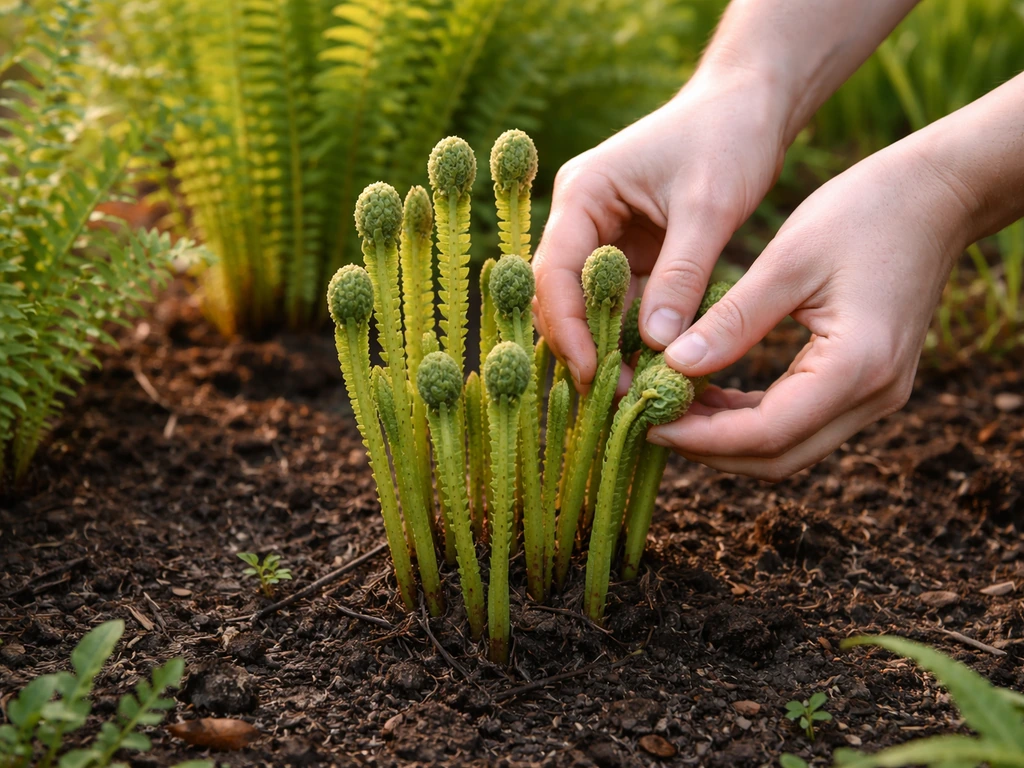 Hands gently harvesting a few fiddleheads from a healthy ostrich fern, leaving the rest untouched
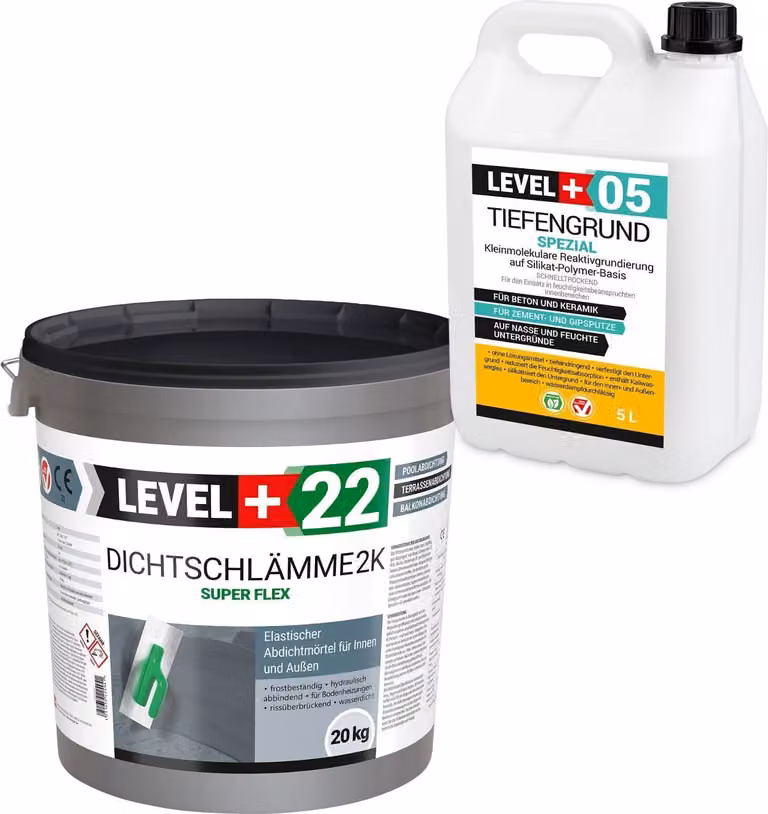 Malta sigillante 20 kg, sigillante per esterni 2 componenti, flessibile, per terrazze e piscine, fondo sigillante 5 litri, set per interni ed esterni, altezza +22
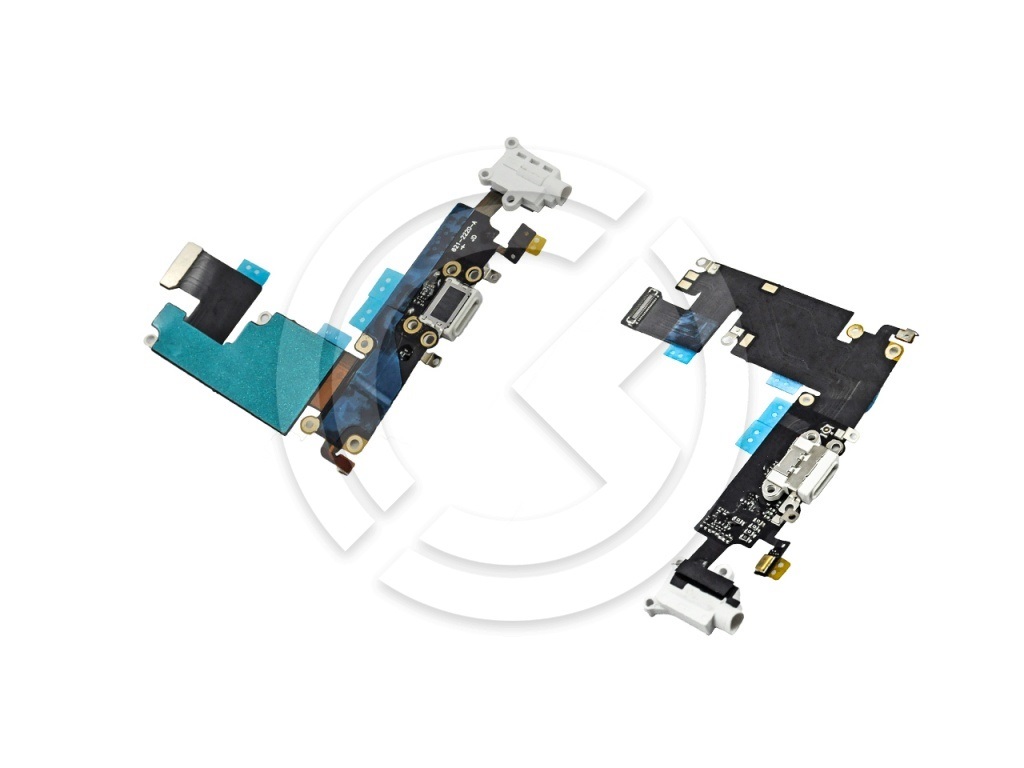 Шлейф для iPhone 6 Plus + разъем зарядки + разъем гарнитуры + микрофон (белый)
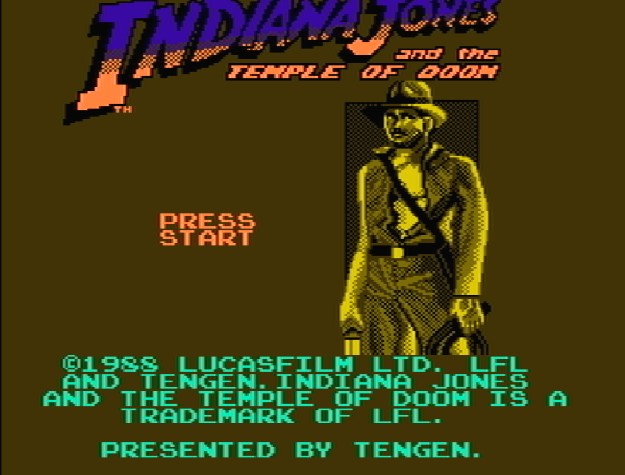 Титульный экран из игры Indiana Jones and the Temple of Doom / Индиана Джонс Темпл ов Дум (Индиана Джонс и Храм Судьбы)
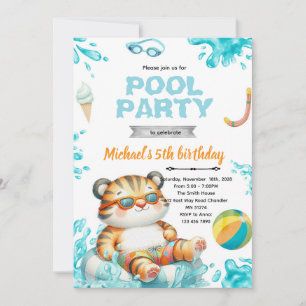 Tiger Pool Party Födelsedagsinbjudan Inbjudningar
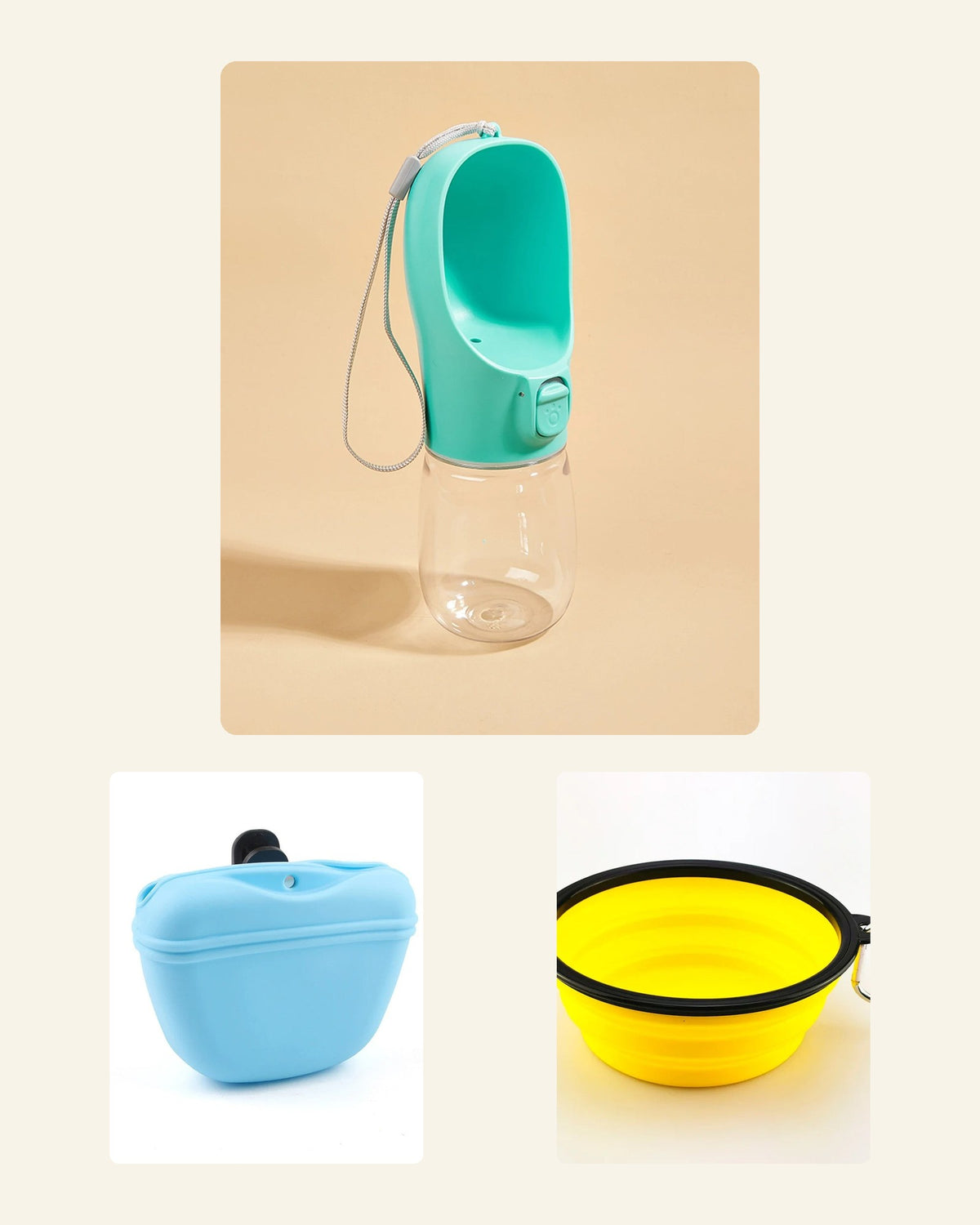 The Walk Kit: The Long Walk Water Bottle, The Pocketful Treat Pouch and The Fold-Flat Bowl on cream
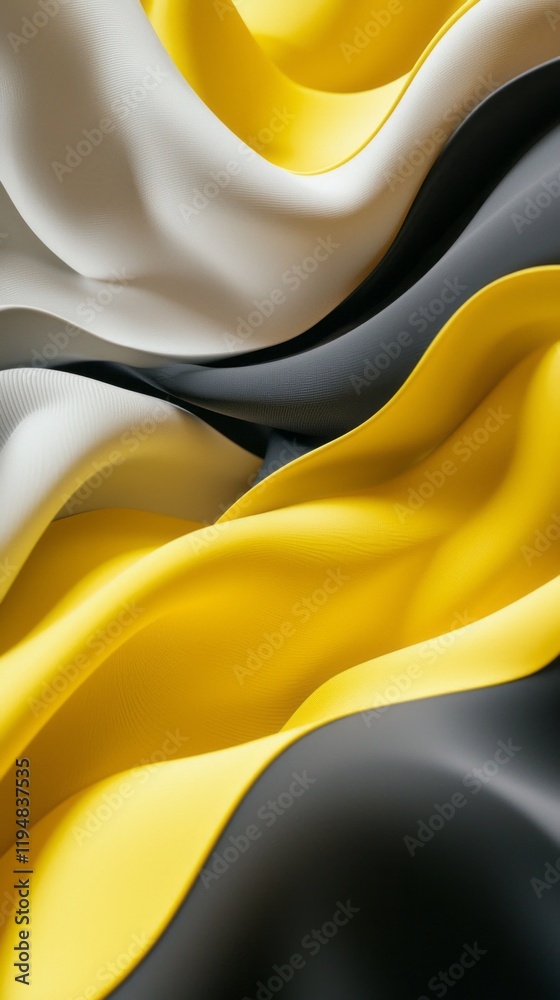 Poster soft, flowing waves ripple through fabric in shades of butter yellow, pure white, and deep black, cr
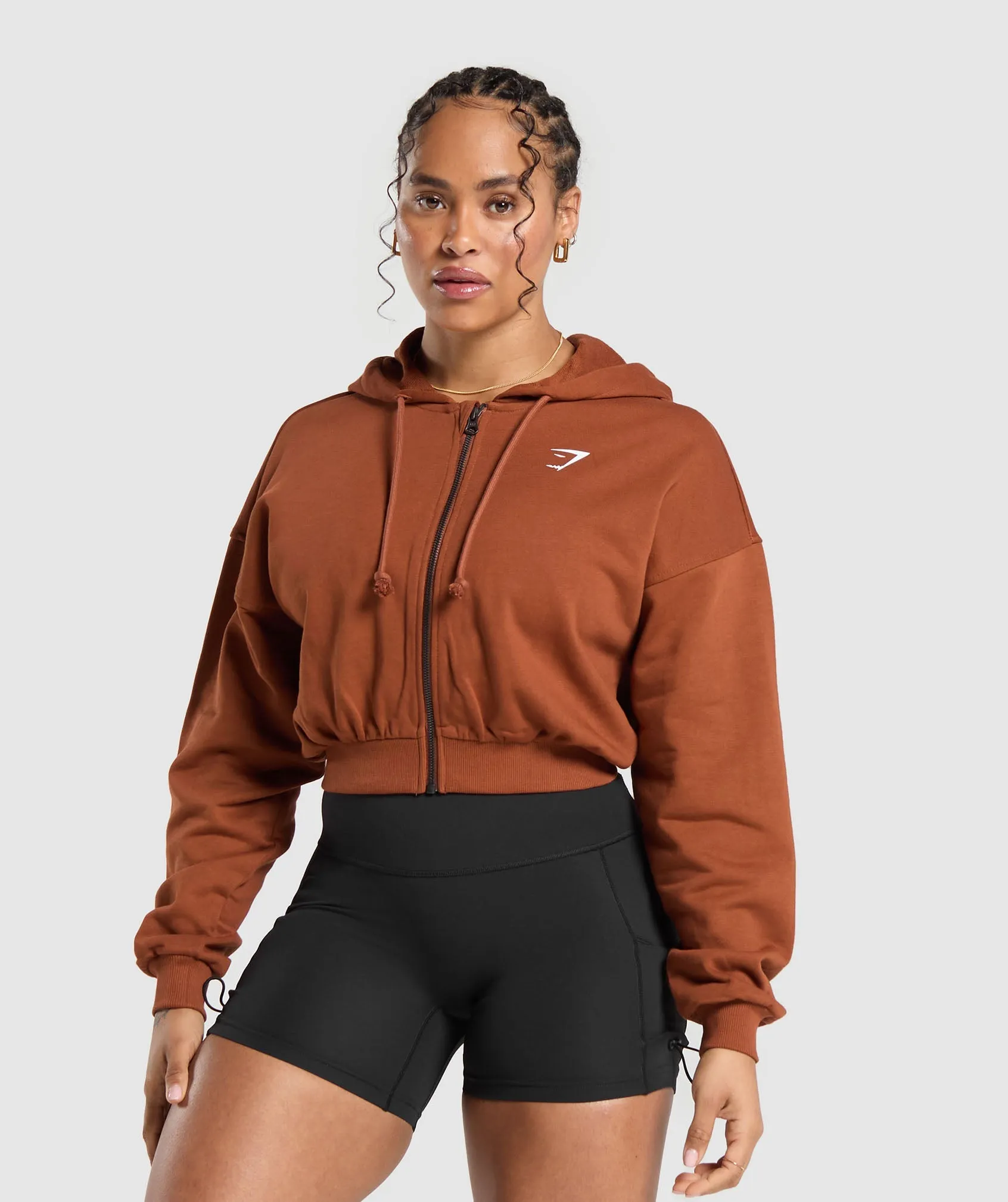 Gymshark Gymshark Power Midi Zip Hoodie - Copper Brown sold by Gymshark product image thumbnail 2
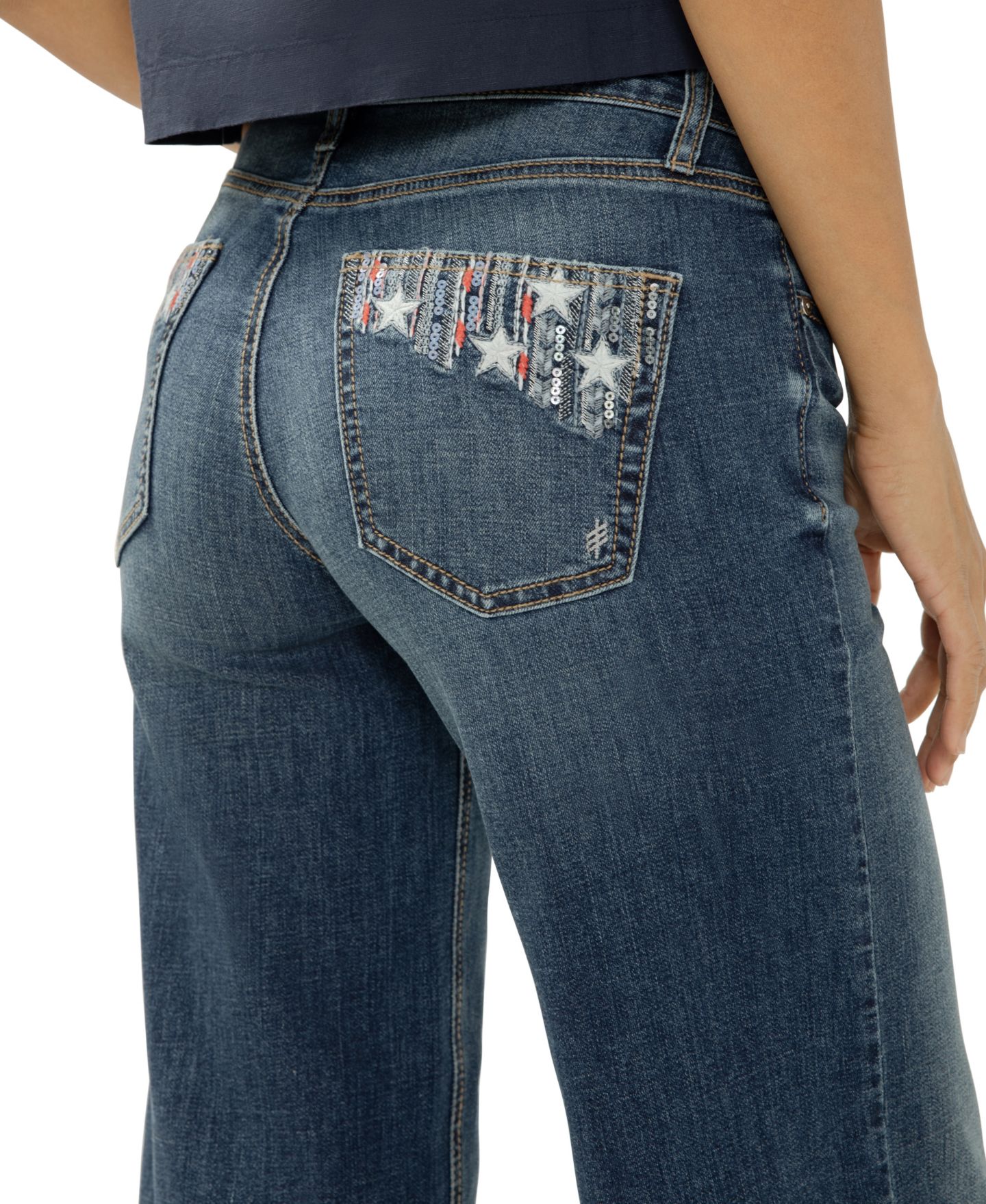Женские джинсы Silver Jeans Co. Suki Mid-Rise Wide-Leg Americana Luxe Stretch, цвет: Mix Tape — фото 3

◆ TASK BRIEF
An exact reproduction of the data is needed, with no pictures included.

◆ TASK OUTPUT
 Hands gently harvesting a few fiddleheads from a healthy ostrich fern, leaving the rest untouched
 Malta sigillante 20 kg, sigillante per esterni 2 componenti, flessibile, per terrazze e piscine, fondo sigillante 5 litri, set per interni ed esterni, altezza +22
 Шлейф для iPhone 6 Plus + разъем зарядки + разъем гарнитуры + микрофон (белый)
 Титульный экран из игры Indiana Jones and the Temple of Doom / Индиана Джонс Темпл ов Дум (Индиана Джонс и Храм Судьбы)
 Tiger Pool Party Födelsedagsinbjudan Inbjudningar
 The Walk Kit: The Long Walk Water Bottle, The Pocketful Treat Pouch and The Fold-Flat Bowl on cream
 Poster soft, flowing waves ripple through fabric in shades of butter yellow, pure white, and deep black, cr
 Gymshark Gymshark Power Midi Zip Hoodie - Copper Brown sold by Gymshark product image thumbnail 2
Женские джинсы Silver Jeans Co. Suki Mid-Rise Wide-Leg Americana Luxe Stretch, цвет: Mix Tape — фото 3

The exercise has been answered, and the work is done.